### [What you need to do]
Return only the lines of the listing below that run from the line with "Pool Pump Motor" through the line with "Kötzschenbroda-Niederlössnitz Hohenzollernstraße AK", both ends included, exactly as written.

### [Records for processing]
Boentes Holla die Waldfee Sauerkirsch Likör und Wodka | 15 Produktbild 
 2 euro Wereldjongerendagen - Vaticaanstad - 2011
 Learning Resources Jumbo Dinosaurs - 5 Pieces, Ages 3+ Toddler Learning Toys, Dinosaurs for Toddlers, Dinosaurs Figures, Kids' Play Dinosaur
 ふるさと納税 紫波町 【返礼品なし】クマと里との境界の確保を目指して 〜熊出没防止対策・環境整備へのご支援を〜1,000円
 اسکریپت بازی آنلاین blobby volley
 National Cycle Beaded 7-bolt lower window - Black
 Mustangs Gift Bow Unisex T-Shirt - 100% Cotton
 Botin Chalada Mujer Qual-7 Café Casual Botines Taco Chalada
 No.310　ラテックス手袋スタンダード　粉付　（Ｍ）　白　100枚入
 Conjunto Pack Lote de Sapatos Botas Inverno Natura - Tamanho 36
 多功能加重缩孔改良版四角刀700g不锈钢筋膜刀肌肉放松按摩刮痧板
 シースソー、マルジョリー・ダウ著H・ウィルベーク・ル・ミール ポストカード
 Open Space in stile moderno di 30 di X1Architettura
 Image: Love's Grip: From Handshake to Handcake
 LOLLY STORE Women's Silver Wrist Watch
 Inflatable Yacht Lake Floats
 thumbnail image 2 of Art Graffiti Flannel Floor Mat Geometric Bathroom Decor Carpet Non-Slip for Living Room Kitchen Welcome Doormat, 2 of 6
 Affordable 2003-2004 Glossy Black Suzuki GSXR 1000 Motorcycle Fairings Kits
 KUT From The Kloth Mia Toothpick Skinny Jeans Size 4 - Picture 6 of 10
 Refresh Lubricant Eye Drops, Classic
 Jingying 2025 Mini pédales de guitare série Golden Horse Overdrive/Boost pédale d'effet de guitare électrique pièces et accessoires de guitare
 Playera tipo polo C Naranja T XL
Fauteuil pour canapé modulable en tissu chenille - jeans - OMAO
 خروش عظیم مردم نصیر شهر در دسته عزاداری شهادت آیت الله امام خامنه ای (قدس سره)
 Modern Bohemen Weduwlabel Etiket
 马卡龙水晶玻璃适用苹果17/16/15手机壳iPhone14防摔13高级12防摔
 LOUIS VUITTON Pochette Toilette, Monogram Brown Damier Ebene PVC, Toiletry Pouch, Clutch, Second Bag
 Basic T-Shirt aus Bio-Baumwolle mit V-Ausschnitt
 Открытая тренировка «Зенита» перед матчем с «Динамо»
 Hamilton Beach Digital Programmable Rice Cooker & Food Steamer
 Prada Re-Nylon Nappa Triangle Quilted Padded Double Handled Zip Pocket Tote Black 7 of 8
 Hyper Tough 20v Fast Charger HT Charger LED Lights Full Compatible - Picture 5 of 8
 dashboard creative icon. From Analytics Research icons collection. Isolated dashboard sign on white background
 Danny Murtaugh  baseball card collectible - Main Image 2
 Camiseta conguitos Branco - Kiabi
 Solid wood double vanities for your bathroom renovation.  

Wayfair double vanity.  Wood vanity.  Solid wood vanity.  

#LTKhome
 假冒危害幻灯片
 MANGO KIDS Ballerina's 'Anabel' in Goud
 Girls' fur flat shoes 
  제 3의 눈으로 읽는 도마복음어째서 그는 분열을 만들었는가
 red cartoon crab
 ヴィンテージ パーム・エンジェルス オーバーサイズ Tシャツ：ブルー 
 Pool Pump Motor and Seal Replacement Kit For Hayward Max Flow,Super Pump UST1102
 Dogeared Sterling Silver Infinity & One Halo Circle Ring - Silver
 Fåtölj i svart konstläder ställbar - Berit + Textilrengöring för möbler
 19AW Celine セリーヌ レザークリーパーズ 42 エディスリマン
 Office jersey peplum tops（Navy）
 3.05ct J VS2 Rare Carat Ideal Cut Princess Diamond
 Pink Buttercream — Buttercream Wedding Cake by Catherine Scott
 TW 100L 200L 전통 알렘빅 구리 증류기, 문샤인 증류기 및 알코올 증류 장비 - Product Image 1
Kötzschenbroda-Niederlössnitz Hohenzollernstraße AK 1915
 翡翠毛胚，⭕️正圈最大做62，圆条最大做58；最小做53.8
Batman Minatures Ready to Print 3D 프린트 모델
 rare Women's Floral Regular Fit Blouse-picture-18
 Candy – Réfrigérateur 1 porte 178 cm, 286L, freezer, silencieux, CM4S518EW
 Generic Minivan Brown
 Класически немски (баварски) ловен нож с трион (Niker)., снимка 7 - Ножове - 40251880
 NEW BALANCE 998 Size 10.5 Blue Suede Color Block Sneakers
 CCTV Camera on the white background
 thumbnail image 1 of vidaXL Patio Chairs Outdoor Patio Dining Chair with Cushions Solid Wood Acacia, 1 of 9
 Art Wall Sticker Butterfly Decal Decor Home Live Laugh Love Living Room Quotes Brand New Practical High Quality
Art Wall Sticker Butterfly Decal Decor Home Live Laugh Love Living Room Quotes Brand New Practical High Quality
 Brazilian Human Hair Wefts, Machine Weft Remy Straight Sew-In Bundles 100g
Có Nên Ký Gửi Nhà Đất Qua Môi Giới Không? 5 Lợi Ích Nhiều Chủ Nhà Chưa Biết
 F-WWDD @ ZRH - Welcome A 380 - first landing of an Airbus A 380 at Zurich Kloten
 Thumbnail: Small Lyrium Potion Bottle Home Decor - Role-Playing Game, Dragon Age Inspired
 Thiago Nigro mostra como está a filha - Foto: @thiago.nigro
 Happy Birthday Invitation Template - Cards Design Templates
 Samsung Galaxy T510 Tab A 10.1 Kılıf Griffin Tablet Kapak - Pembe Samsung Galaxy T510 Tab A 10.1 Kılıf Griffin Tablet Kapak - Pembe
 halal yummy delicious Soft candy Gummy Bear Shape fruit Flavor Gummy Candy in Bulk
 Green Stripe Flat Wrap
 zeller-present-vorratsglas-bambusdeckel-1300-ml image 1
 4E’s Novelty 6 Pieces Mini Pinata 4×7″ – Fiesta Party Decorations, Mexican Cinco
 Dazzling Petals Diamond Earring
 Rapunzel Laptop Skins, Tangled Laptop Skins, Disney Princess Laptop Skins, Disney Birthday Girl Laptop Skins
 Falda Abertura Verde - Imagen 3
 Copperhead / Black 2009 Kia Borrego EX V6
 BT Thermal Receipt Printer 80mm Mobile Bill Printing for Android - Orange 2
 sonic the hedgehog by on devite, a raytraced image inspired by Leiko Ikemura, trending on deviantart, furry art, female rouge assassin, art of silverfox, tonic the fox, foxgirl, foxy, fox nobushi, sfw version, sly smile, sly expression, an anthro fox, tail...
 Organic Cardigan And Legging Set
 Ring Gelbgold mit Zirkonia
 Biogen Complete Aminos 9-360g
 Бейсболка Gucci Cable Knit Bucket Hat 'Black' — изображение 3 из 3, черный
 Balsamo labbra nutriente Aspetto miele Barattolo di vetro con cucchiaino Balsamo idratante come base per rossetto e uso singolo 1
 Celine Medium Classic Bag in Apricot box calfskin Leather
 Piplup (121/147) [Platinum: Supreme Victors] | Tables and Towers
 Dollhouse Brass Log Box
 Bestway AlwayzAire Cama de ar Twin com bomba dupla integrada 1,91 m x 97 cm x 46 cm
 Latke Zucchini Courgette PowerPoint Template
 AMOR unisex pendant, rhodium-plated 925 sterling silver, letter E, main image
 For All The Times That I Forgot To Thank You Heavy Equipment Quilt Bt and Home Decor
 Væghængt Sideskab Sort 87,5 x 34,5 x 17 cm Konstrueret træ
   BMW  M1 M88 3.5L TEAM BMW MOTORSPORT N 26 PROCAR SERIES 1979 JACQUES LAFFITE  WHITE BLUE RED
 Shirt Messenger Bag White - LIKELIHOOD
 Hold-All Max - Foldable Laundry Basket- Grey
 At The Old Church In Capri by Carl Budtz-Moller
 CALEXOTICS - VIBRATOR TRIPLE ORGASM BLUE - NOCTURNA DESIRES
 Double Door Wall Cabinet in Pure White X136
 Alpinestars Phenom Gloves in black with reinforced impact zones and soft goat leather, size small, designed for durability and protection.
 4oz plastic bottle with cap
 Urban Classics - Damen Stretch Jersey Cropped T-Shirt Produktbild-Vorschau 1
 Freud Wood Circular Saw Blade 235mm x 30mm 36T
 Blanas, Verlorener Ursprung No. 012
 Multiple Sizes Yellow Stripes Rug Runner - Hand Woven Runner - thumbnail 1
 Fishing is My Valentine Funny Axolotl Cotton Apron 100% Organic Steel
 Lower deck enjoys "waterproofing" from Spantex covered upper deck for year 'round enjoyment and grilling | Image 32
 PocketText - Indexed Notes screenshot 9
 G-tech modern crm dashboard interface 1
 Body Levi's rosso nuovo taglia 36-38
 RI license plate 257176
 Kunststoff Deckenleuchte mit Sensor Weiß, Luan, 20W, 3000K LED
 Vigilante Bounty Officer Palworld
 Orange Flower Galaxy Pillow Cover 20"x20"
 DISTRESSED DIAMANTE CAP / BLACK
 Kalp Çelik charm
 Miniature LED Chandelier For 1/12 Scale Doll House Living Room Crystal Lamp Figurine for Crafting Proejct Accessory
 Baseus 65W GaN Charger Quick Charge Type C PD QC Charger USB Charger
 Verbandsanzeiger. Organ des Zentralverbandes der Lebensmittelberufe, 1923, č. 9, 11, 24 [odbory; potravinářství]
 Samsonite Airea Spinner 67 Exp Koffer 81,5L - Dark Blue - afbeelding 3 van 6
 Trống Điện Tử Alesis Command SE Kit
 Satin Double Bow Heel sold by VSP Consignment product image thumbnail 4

### [Problem solution]
 Pool Pump Motor and Seal Replacement Kit For Hayward Max Flow,Super Pump UST1102
 Dogeared Sterling Silver Infinity & One Halo Circle Ring - Silver
 Fåtölj i svart konstläder ställbar - Berit + Textilrengöring för möbler
 19AW Celine セリーヌ レザークリーパーズ 42 エディスリマン
 Office jersey peplum tops（Navy）
 3.05ct J VS2 Rare Carat Ideal Cut Princess Diamond
 Pink Buttercream — Buttercream Wedding Cake by Catherine Scott
 TW 100L 200L 전통 알렘빅 구리 증류기, 문샤인 증류기 및 알코올 증류 장비 - Product Image 1
Kötzschenbroda-Niederlössnitz Hohenzollernstraße AK 1915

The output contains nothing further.